In late August, associate Carin Carlson, AIA, and Tim Mitchell, AIA, of Hennebery Eddy’s Historic Resources Group participated in the Pacific Northwest Preservation Field School at Mount Rainier National Park in Washington. The summer field school is part of the University of Oregon’s Historic Preservation Program and is held annually at locations rotating around Oregon, Washington, Idaho, and California in conjunction with the National Park Service, state parks, and other regional stakeholders. Incoming students to the University’s Historic Preservation Program are required to attend, and the field school is open to professionals and individuals interested in experiencing hands-on preservation work. Carin and Tim are both graduates of the University of Oregon; Carin is a graduate of the Historic Preservation Program.
Tim and Carin each presented during Week 3 of the field school, which focused on seasonal workers’ cabins located in Longmire, the one-time headquarters of Mount Rainer National Park. These cabins were constructed by the Civilian Conservation Corps (CCC) between 1936-1937 and feature large timber roof and sill beams, board-and-batten siding and wood windows. Drawing from his experience as project architect for the 2006-2008 rehabilitation of the National Historic Landmark Paradise Inn in the park, Tim led a tour of Paradise Inn, focusing on rehabilitation strategies including structural upgrades, MEP systems integration, log repair, and accessibility improvements.
Carin, who has been expanding Hennebery Eddy’s conservation capabilities, gave an evening lecture on paint color analysis. She provided students with an overview of how to take paint samples, analyze the samples under a microscope, and identify historic colors and finishes.
She also provided an overview of current work at the University of Oregon’s Gerlinger Hall Alumni Lounge, where she is working with the University’s project team to restore the unique decorative ceiling and wall finishes that were painted over.

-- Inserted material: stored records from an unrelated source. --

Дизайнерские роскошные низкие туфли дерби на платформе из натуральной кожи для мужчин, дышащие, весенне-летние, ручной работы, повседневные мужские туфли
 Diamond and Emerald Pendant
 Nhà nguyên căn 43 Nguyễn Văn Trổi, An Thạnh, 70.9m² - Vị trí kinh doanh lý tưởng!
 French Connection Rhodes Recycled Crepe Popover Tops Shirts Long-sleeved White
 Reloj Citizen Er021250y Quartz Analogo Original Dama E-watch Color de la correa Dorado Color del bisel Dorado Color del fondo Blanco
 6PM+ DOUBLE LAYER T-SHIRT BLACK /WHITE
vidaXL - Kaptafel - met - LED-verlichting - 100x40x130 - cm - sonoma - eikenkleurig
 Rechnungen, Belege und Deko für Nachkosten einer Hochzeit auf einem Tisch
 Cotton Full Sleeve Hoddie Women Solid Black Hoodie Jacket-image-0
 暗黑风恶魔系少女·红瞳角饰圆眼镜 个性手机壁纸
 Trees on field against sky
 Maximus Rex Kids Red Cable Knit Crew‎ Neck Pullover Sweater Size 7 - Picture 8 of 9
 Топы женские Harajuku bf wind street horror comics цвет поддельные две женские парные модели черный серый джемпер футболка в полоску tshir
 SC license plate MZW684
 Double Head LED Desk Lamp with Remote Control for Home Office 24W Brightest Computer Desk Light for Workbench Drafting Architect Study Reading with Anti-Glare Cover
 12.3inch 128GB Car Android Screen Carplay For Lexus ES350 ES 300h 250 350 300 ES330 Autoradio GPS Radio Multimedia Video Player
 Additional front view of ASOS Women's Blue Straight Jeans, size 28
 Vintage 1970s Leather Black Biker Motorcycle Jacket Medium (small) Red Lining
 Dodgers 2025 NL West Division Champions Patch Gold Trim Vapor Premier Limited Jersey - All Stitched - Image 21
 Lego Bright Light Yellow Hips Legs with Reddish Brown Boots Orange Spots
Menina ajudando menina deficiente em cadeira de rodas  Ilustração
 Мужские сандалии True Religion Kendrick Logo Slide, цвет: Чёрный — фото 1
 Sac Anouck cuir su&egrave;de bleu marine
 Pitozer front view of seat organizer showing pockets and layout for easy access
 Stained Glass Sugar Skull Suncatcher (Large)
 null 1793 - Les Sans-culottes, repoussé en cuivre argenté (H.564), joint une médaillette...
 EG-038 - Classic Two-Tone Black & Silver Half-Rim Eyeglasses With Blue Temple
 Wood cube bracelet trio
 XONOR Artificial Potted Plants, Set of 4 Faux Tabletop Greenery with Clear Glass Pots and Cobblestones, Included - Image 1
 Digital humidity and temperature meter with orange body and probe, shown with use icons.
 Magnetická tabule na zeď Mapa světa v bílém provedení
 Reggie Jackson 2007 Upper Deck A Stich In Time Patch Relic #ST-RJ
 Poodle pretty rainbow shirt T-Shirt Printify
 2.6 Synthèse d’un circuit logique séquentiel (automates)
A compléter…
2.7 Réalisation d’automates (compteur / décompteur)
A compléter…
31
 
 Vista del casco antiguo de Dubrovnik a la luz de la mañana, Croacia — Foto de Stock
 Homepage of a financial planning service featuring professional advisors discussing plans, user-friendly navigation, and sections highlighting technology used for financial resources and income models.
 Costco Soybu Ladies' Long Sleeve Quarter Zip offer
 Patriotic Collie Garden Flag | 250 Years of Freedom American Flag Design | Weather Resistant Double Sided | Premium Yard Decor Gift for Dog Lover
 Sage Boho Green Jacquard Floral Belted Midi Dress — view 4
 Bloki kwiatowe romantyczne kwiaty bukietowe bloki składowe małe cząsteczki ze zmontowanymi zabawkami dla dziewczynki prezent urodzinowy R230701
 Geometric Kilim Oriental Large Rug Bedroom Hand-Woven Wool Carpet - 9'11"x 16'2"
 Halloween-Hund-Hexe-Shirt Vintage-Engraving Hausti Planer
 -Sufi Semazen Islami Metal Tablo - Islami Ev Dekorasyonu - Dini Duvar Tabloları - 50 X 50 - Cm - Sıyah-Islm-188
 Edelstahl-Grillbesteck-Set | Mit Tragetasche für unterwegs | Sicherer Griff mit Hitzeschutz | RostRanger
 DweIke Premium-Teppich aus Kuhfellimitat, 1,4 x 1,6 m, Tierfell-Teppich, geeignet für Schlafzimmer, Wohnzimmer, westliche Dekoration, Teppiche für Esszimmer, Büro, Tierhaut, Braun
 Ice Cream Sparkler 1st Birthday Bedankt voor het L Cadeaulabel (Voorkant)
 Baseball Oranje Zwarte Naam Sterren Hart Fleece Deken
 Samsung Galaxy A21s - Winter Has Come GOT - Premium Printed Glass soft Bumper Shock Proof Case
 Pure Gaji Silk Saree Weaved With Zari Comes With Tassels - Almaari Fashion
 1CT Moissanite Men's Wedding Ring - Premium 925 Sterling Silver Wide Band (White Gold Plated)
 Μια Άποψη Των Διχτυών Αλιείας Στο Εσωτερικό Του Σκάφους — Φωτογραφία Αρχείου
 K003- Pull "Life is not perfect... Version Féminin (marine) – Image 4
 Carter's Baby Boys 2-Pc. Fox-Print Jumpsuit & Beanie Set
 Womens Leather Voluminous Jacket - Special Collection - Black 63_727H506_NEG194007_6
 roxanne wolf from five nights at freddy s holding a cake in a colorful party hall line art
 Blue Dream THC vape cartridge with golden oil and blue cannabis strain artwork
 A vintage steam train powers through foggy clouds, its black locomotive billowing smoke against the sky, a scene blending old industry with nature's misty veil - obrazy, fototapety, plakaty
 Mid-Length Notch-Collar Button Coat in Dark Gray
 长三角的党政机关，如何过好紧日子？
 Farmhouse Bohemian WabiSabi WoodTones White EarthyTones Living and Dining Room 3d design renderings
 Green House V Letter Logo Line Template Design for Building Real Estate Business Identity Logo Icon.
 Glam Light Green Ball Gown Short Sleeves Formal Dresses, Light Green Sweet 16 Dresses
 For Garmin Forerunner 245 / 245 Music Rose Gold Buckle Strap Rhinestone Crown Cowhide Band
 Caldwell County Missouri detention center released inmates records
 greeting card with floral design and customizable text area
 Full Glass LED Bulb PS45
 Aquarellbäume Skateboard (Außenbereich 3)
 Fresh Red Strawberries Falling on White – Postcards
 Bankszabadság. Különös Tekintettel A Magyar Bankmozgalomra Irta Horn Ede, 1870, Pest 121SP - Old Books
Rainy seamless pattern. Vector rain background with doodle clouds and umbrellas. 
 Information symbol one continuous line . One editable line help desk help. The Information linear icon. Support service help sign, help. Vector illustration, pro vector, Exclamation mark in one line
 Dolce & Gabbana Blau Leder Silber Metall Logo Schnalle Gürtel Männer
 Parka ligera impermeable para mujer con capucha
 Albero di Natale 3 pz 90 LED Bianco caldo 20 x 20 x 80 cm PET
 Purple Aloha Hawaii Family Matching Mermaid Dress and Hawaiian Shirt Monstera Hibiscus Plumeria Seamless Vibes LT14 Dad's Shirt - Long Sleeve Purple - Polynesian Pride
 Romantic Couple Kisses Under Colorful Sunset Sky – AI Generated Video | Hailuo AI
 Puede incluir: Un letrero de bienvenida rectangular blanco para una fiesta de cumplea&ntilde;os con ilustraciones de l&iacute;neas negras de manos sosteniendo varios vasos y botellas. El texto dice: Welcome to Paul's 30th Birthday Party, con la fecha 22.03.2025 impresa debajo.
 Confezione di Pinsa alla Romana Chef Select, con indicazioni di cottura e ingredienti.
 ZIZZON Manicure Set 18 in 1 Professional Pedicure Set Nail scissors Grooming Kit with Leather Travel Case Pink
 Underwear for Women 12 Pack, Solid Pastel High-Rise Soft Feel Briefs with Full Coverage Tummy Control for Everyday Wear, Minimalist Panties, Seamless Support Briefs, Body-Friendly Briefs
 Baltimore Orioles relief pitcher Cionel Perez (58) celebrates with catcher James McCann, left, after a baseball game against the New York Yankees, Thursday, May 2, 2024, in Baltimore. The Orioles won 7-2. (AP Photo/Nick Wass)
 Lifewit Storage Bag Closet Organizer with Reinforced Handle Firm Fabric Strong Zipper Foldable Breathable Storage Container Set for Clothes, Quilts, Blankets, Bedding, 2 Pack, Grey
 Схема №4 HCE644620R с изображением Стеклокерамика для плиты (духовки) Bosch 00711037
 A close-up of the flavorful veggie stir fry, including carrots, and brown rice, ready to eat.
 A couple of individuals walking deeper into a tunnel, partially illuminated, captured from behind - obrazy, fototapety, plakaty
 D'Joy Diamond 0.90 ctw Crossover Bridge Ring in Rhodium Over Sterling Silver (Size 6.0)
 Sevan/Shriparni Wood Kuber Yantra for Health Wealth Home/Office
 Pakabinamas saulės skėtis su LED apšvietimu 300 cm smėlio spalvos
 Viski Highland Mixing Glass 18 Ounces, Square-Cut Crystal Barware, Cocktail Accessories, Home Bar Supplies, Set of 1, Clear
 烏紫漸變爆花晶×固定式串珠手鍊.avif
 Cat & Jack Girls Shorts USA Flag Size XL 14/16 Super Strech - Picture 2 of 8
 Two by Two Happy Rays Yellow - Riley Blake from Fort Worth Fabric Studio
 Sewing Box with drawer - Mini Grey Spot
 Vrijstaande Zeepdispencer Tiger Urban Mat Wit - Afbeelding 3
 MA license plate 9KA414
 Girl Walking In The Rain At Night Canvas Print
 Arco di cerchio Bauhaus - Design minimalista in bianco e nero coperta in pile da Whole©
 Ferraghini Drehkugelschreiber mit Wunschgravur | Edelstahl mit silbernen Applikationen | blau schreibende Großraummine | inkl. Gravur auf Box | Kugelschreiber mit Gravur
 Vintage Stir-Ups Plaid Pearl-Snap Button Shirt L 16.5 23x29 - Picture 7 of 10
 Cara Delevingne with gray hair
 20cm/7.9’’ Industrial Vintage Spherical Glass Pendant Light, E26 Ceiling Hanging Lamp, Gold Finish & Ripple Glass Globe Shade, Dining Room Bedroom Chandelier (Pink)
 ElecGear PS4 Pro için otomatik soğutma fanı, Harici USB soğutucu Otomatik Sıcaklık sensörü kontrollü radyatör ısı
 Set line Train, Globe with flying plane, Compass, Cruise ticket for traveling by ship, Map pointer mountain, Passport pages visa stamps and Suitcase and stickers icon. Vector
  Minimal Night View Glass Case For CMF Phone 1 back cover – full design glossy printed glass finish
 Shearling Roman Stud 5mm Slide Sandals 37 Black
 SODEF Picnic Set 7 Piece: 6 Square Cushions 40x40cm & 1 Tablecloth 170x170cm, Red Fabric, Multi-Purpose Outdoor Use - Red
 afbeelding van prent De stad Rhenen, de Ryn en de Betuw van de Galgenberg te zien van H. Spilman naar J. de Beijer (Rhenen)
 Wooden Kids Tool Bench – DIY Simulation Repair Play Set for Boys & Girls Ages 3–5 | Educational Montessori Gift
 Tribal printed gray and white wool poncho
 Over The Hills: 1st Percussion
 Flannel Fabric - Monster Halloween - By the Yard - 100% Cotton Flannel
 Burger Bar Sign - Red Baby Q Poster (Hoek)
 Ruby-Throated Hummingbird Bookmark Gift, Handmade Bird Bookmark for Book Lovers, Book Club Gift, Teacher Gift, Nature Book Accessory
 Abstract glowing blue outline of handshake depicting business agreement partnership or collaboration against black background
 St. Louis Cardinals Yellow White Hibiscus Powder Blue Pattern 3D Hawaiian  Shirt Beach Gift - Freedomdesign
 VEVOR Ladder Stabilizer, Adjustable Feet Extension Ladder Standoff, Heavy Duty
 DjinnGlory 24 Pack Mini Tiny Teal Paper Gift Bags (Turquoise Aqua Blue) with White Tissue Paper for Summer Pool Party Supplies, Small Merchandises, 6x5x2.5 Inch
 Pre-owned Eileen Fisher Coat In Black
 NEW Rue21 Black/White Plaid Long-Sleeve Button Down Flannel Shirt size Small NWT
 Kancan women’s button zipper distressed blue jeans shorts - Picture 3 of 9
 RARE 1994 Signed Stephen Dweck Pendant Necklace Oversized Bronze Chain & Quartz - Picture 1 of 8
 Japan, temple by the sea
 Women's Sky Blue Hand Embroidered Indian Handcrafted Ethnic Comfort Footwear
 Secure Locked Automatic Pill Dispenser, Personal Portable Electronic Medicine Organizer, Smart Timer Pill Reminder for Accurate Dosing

It was inspiring to see students from varying backgrounds come together with field school staff and National Park Service specialists to work on these modest but significant historic resources. Week 3 accomplishments included replacing portions of severely rotted large timber beams, with students removing the deteriorated sections, measuring and cutting replacement sections and fitting these Dutchman repairs in place.